Your assignment: Send back the records exactly as written, with no images.

Records excerpted from a collection:
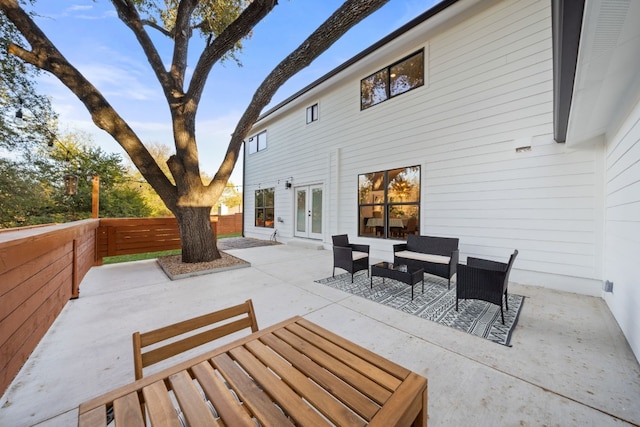 view of patio / terrace with an outdoor living space and french doors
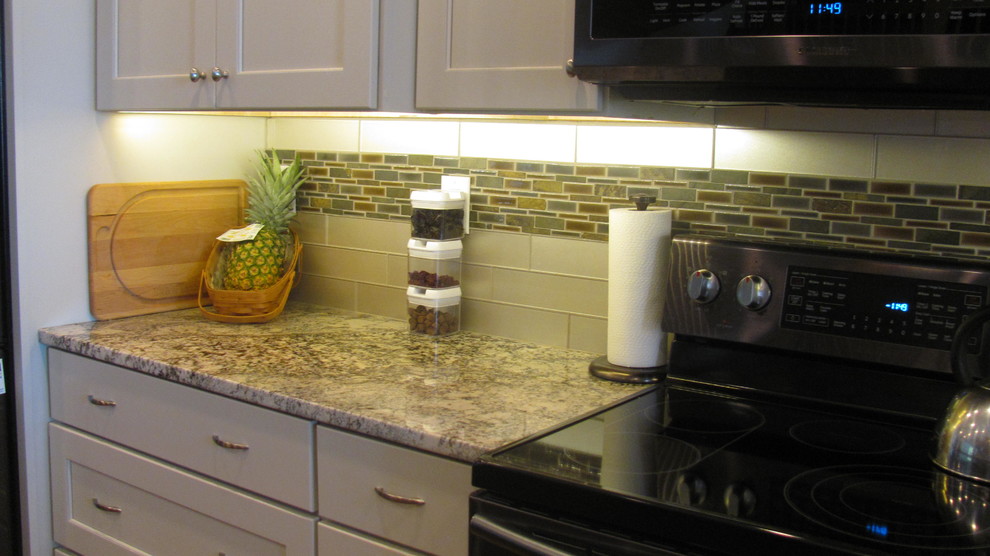 Example of a kitchen design in Baltimore with black appliances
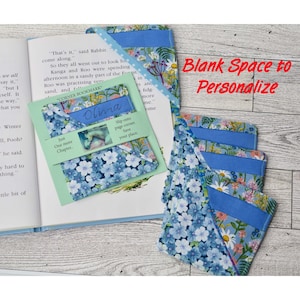 May include: Four blue and white floral fabric corner bookmarks with a blank space to personalize. The bookmark on the left has the text "Corner Bookmark" and "Olivia" written on it. The text "Just One More Chapter" and "Slip onto page corner. Save your place." are also visible on the bookmark.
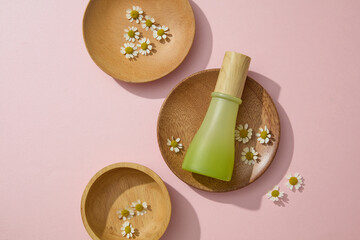 Top view, flat lay of a glass bottle with chamomilla flowers decorated on wooden trays on a pink background. Unlabeled for design packaging. Mockup for advertising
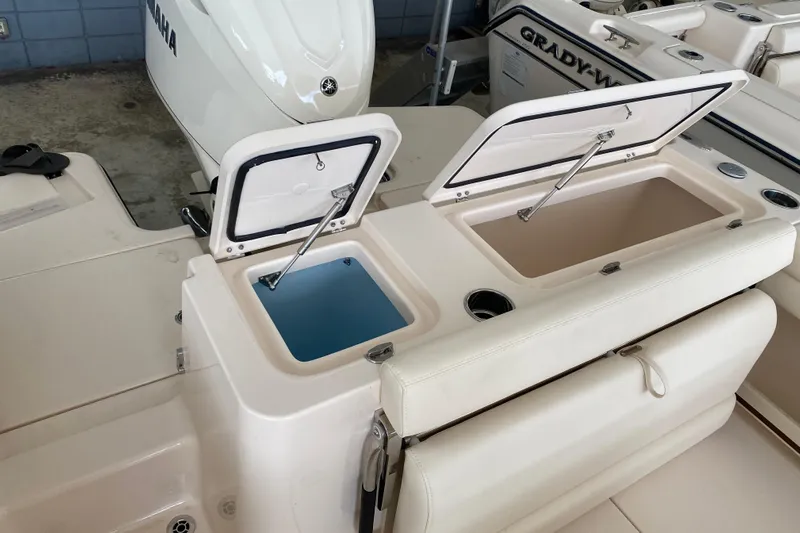  Yacht Photos Pics 2026 Grady-White Fisherman 236 boat with open storage compartments and Yamaha engine.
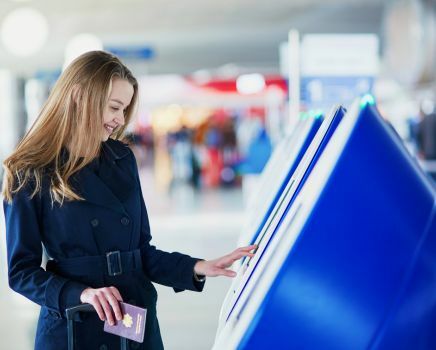 women using kiosk at public place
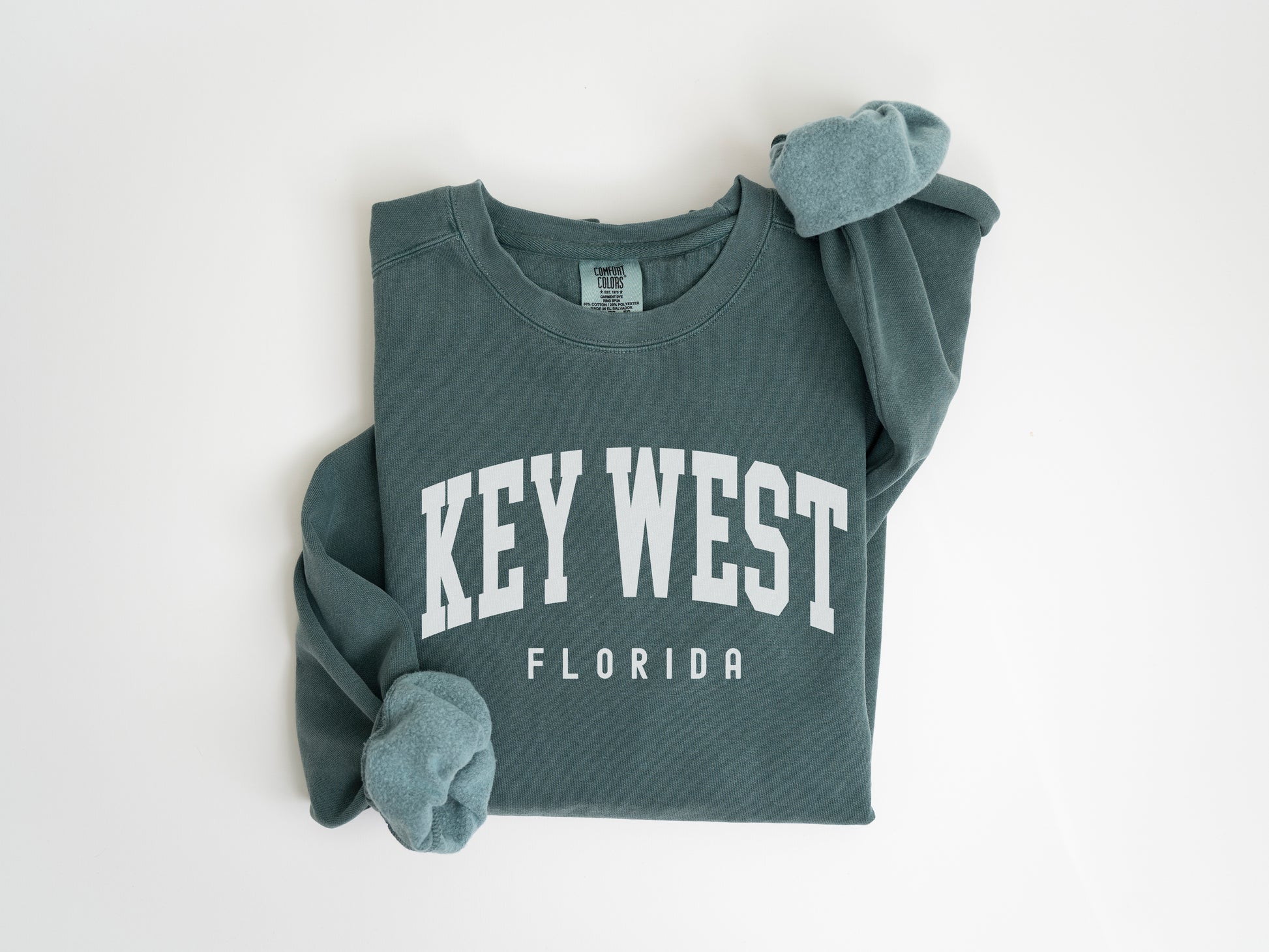 a green sweatshirt with key west on it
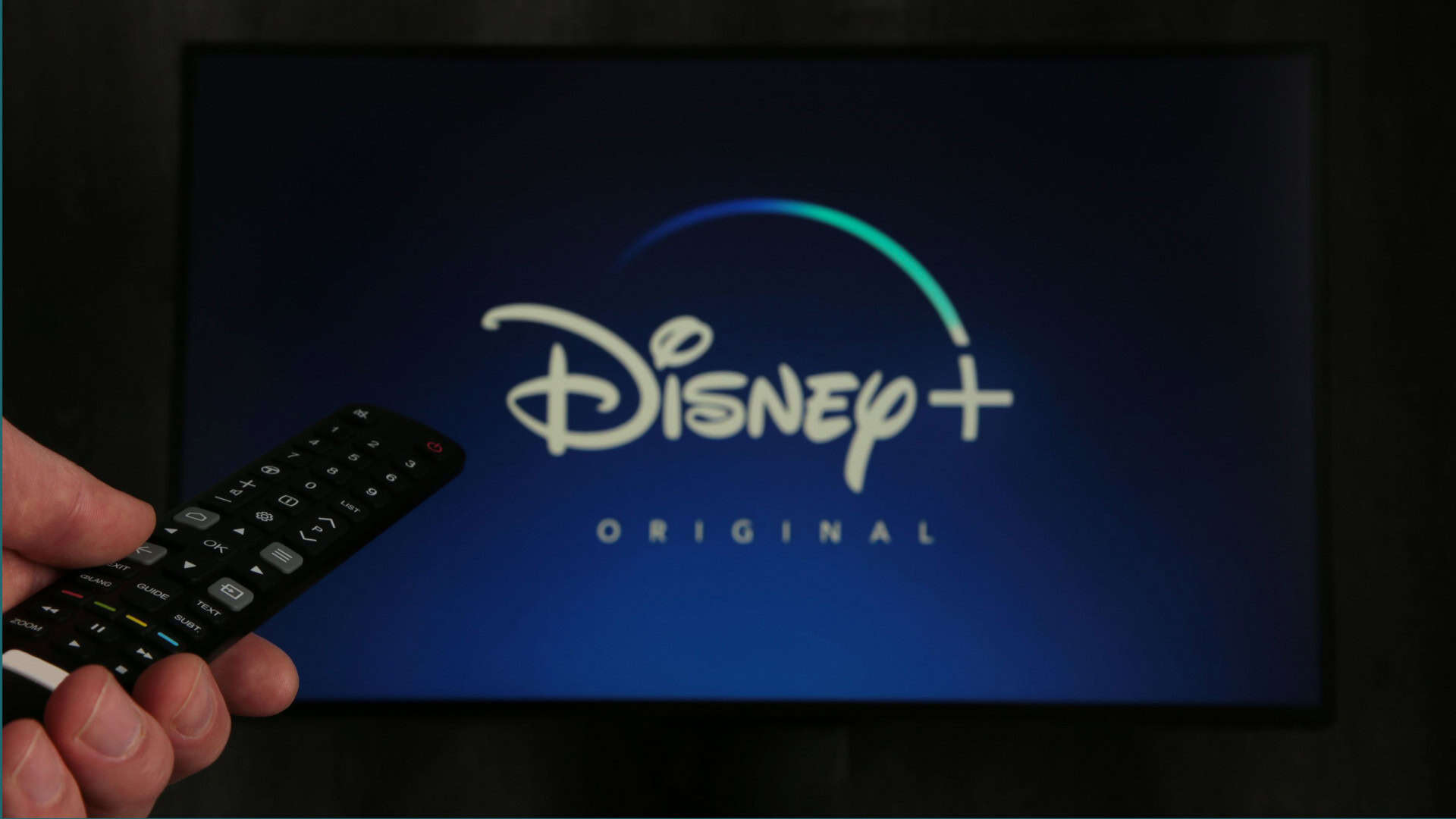 Tela de tv com o Disney+ aberto e uma pessoa com o controle remoto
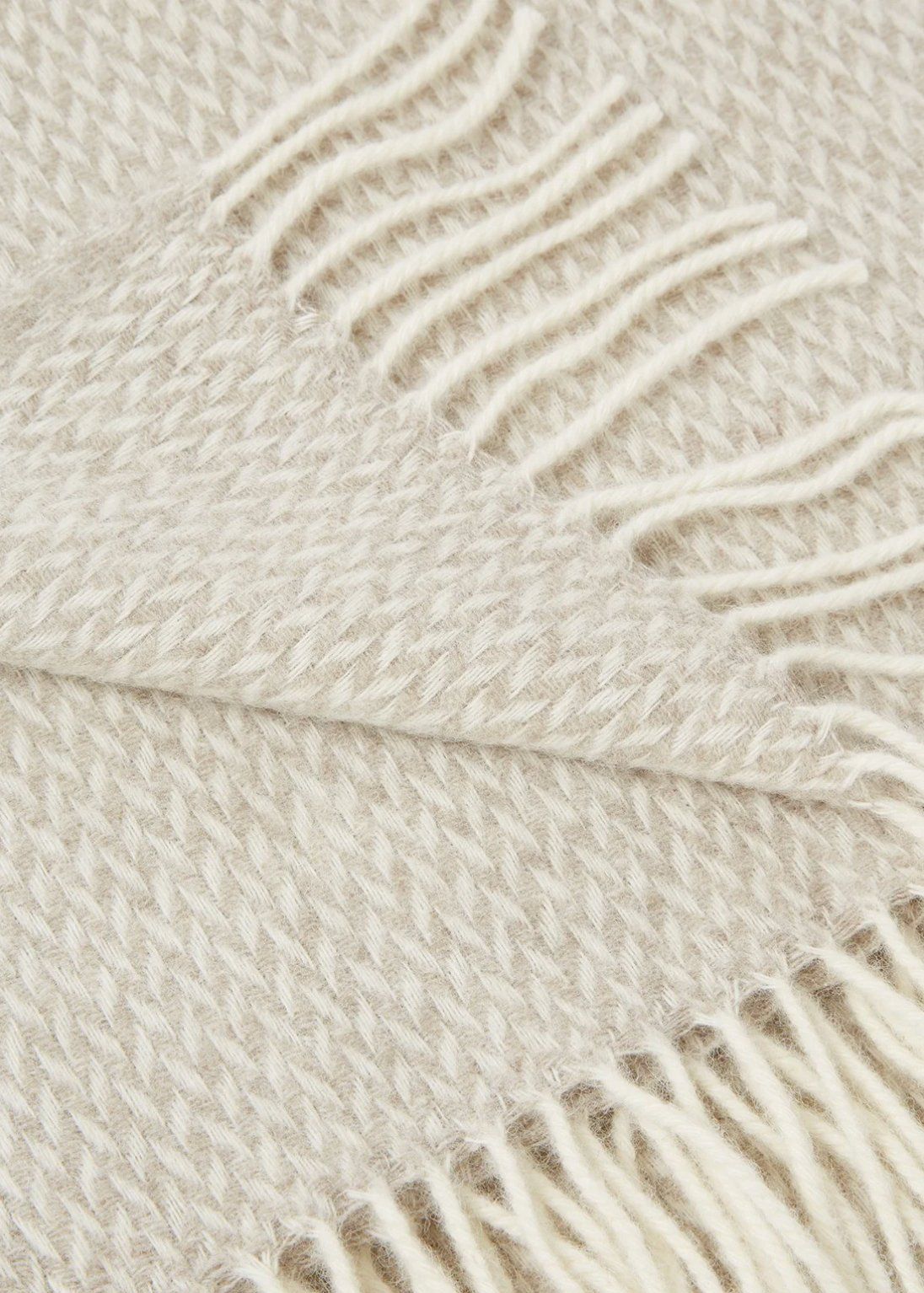 Close-up of beige herringbone wool throw with cream fringe, texture detail on light background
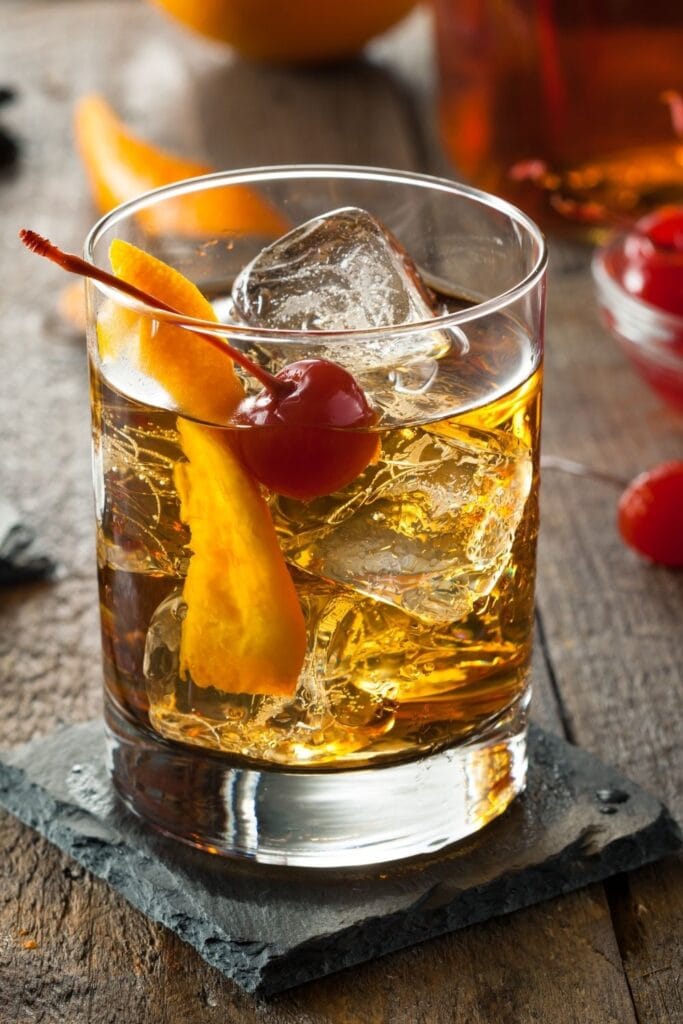 Old-Fashioned Cocktail with Orange and Cherries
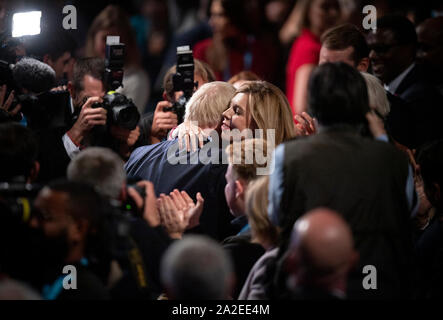 Manchester, Großbritannien. 2. Okt, 2019. Naturschützer Carrie Symonds umarmt ihren Partner und der britische Premierminister Boris Johnson nach seiner Rede am Tag vier von dem Parteitag der Konservativen in Manchester. Quelle: Russell Hart/Alamy leben Nachrichten Stockfoto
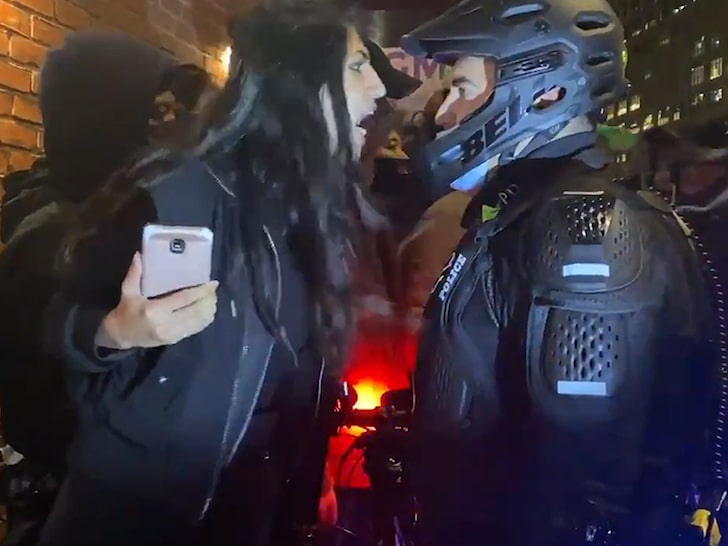 Woman Arrested for Spitting in Cop's Face Amid NYC Unrest, Riot in Portland
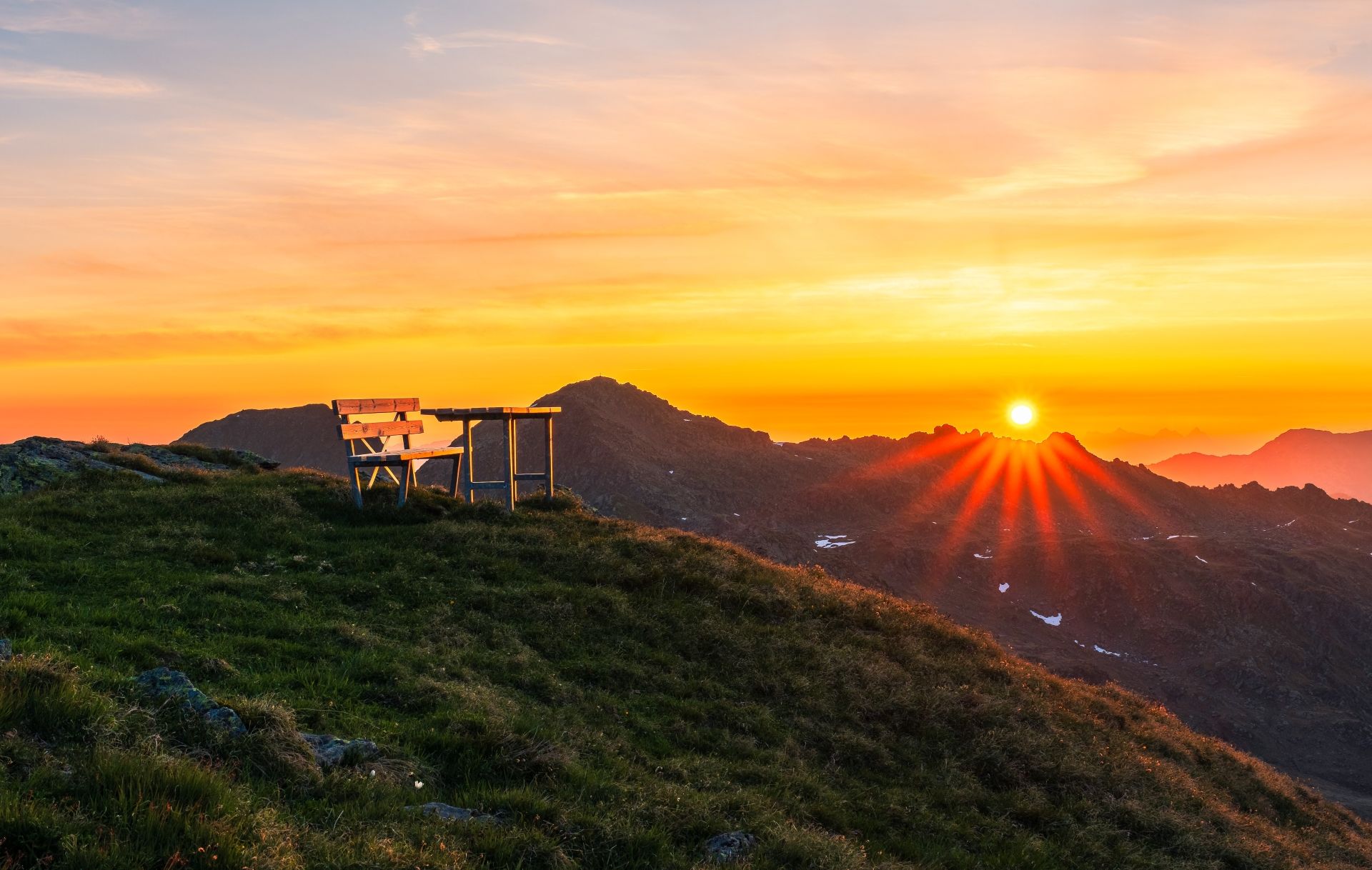 Sonnenaufgang Rifflerkogl Vorne der Gipfel des Rifflerkogl mit einem Tisch und einer Bank zum Sitzen im Hintergrund der Sonnenaufgang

Answer:
 view of patio / terrace with an outdoor living space and french doors
 Example of a kitchen design in Baltimore with black appliances
 May include: Four blue and white floral fabric corner bookmarks with a blank space to personalize. The bookmark on the left has the text "Corner Bookmark" and "Olivia" written on it. The text "Just One More Chapter" and "Slip onto page corner. Save your place." are also visible on the bookmark.
 Top view, flat lay of a glass bottle with chamomilla flowers decorated on wooden trays on a pink background. Unlabeled for design packaging. Mockup for advertising
  Yacht Photos Pics 2026 Grady-White Fisherman 236 boat with open storage compartments and Yamaha engine.
 women using kiosk at public place
 a green sweatshirt with key west on it
 Tela de tv com o Disney+ aberto e uma pessoa com o controle remoto
 Close-up of beige herringbone wool throw with cream fringe, texture detail on light background
 Old-Fashioned Cocktail with Orange and Cherries
 Manchester, Großbritannien. 2. Okt, 2019. Naturschützer Carrie Symonds umarmt ihren Partner und der britische Premierminister Boris Johnson nach seiner Rede am Tag vier von dem Parteitag der Konservativen in Manchester. Quelle: Russell Hart/Alamy leben Nachrichten Stockfoto
 Woman Arrested for Spitting in Cop's Face Amid NYC Unrest, Riot in Portland
 Sonnenaufgang Rifflerkogl Vorne der Gipfel des Rifflerkogl mit einem Tisch und einer Bank zum Sitzen im Hintergrund der Sonnenaufgang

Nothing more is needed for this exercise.